As costs increase, port problems persist
ANCHORAGE – It’s a mega-sized boondoggle that could affect the price of almost everything you buy in Alaska.
The Port of Anchorage expansion project began more than a decade ago. Since then, the cost to taxpayers has more than quadrupled. Much of the work already done must be replaced. Right now, work is at a standstill, but with every day that goes by, costs increase.
The port — the place that takes in almost everything Alaskans eat and use on a daily basis — continues to rust with age and worry the people who work there.
Katrina Anderson grew up on the water of Cook Inlet. Today, she cruises the water as a tugboat captain.
“We’re really small, but we’re all the guts and power and glory,” she said.
She said chances are whatever food you buy at the grocery store started its journey at the port.
Ninety percent of the things you buy on a daily basis get here by boat. But the place they come in is old, rusting and in disrepair. Fifty-three years of wear and tear are taking their toll on the port complex.
“The Port of Anchorage has kind of lived its life span, it’s in need of repair,” Anderson said. “The old part of the dock definitely needs to be replaced.”
Twelve years ago, the Municipality of Anchorage started with a simple plan: Replace the old parts with new parts.
The price tag? $85 million.
But that simple remodel took a wild turn when former Alaska Gov. Bill Sheffield took the wheel. Sheffield’s grand plan would be the biggest public works project in state history.
His scheme started with building 135 acres of land out into Cook Inlet, more than tripling the size of the current port.
Sheffield claimed the expansion would bring billions of dollars in new business into Alaska; adding room for shippers, the military, Coast Guard and cruise ships.

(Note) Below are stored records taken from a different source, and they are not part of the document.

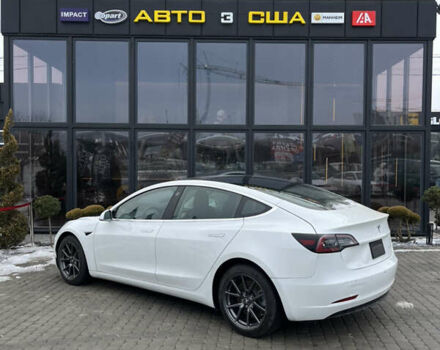 Белый Тесла Модель 3, объемом двигателя 0 л и пробегом 58 тыс. км за 18700 $, фото 1 на Automoto.ua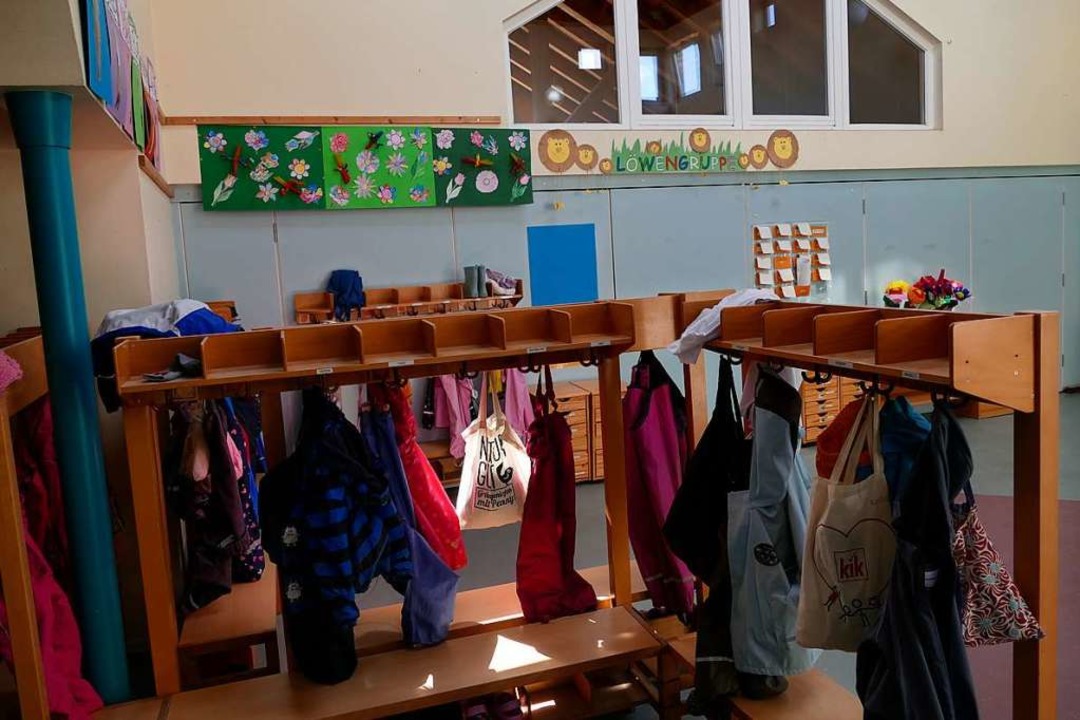 Seit der Schließung des Kindergartens ...ch Jacken der Kinder in der Garderobe.  | Foto: Manfred Frietsch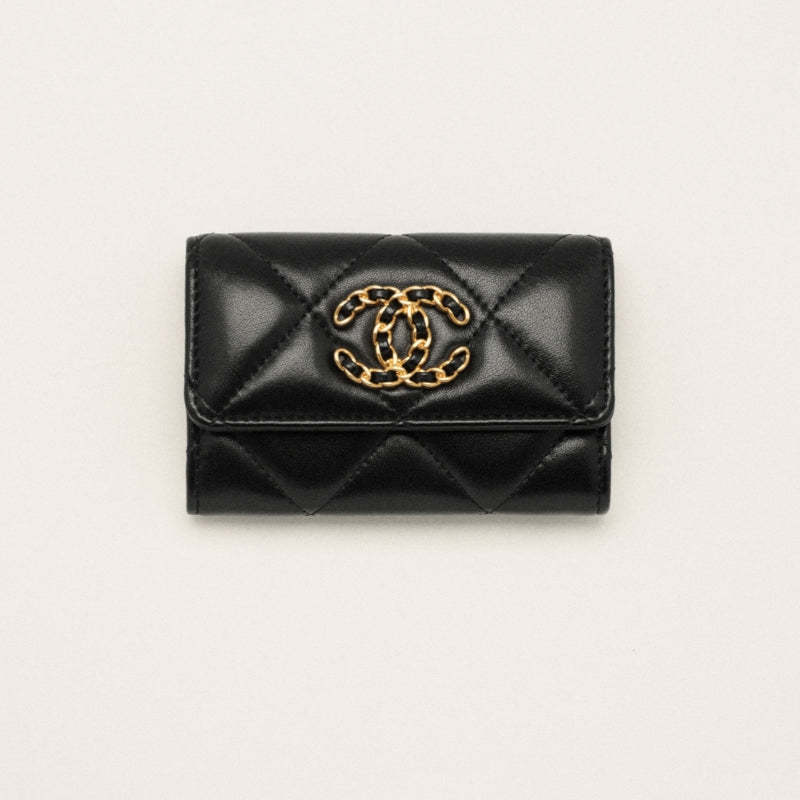 CHANEL   春夏の新作スタイル   CHANEL 19 フラップ カードケースRef:AP1790 B04852 94305-最安値に挑戦中!!!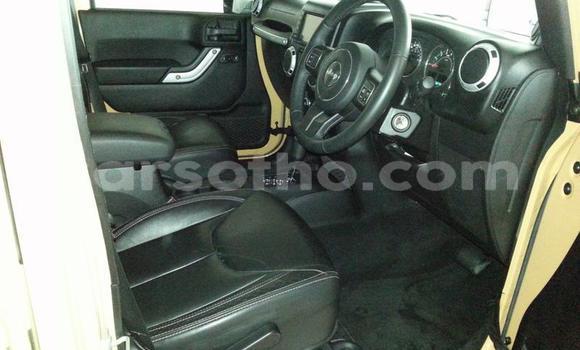 Sayi Na hannu Jeep Wrangler Beige Mota in Maseru a Maseru Sayi Na hannu Jeep Wrangler Beige Mota in Maseru a Maseru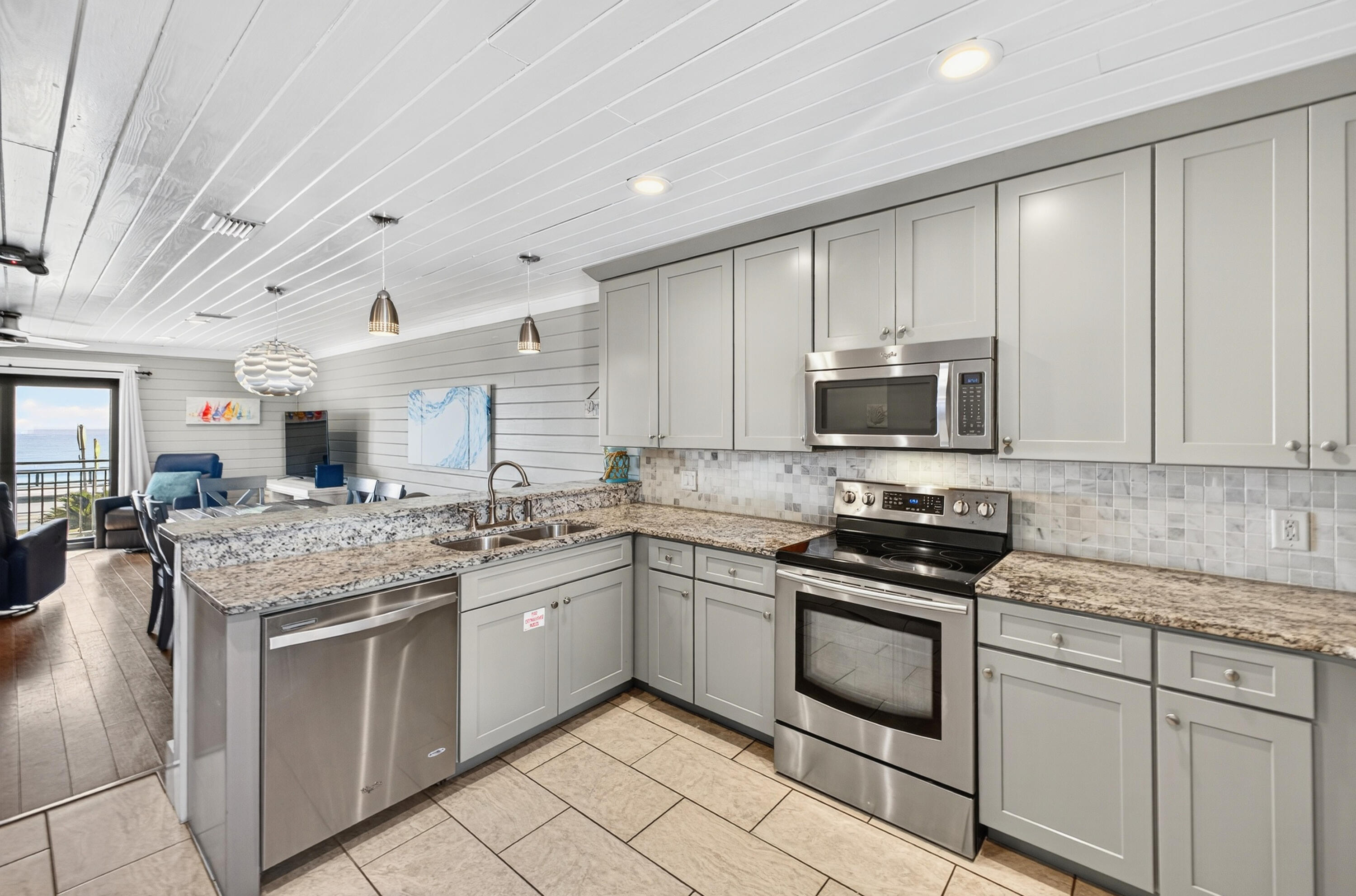 COSTA VISTA T/H - Residential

The plan for economic growth would cost $146 million dollars and provide more jobs, money and tourism.
“Build it and they will come,” said Cook Inletkeeper Bob Shavelson. “You wave your wand over it, you have these prospects, there’s going to be all these jobs and increased revenues … lot of people get starry-eyed and they get lost.”
Shavelson said he’s been speaking out against the grand expansion plan for years. The problem was, nobody would listen.
“We did everything we could to elevate what we considered were relevant facts and science, and those just got brushed under the rug and politics took over ,” he said.
Shavelson said what happened at the port is a glaring example of government wasting taxpayer money, and some municipal officials couldn’t agree more.
“It’s some of the things that make taxpayers shake their head and say, ‘There’s government at work,’ and it’s in a negative connotation,” said Anchorage Assemblyman Paul Honeman.
Taxpayers should be angry, Honeman said. He said the grand idea pitched by port officials is a flop.
“It didn’t happen and as a result we got a boondoggle,” he said.
Twelve years after it began, the port expansion project is just 30 percent complete. Meanwhile, more than $300 million has been dumped into construction.
A construction and engineering firm was recently brought in to find out what went wrong, and called the expansion work “majorly defective,” “deficient” and “not up to standards.”
So what happened, and who is at fault?
“I don’t think there’s anything wrong,” Sheffield said. “You gotta have a contractor that can install it properly.”
Is it the United States Maritime Administration — the federal agency leading the project — or perhaps PNC Engineering and their design?
For people like Anderson, who make their livelihood on the water at the port, blame is a touchy topic.
Anderson said all she wants is for Alaska’s most important man-made resource to be safe and durable.
“Whatever means that has to take,” she said. “It’s just really important for the infrastructure of Alaska that we maintain our lifeline.”